**EXERCISE REQUIREMENTS:** From the listing below, output only the lines starting at the line that has "Super Slow Motion" and ending at the line that has "full-sized fridge, microwave, oven, stovetop", exactly as they appear, ends included.

**DATA PROVIDED:**
►

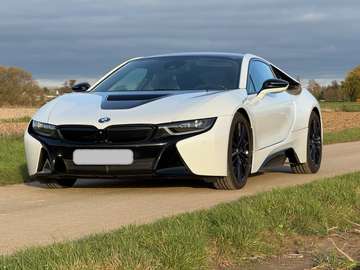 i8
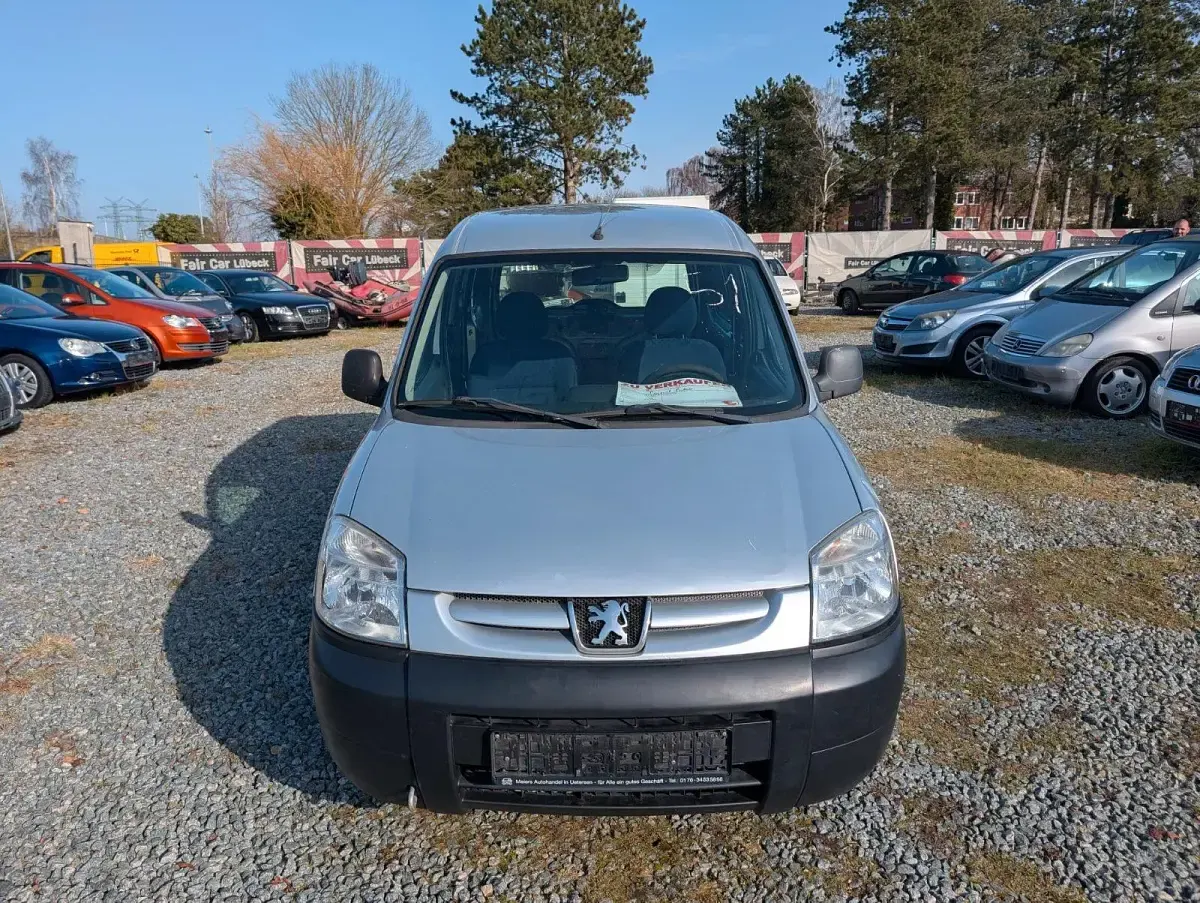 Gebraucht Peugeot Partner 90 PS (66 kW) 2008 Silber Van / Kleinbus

◄
►

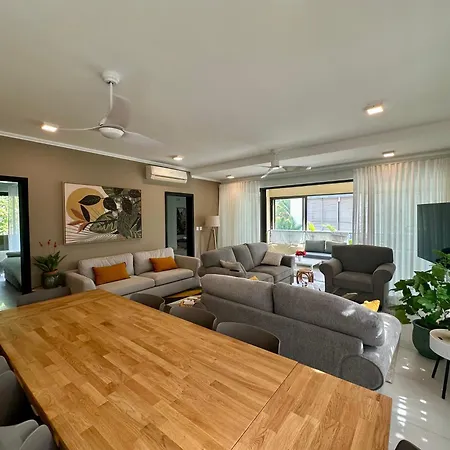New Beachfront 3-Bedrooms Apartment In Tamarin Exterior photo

◄
►

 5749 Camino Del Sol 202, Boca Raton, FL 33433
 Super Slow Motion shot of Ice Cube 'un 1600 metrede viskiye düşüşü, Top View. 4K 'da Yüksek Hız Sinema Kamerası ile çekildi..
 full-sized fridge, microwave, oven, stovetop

◄

**EXERCISE RESPONSE:**
 Super Slow Motion shot of Ice Cube 'un 1600 metrede viskiye düşüşü, Top View. 4K 'da Yüksek Hız Sinema Kamerası ile çekildi..
 full-sized fridge, microwave, oven, stovetop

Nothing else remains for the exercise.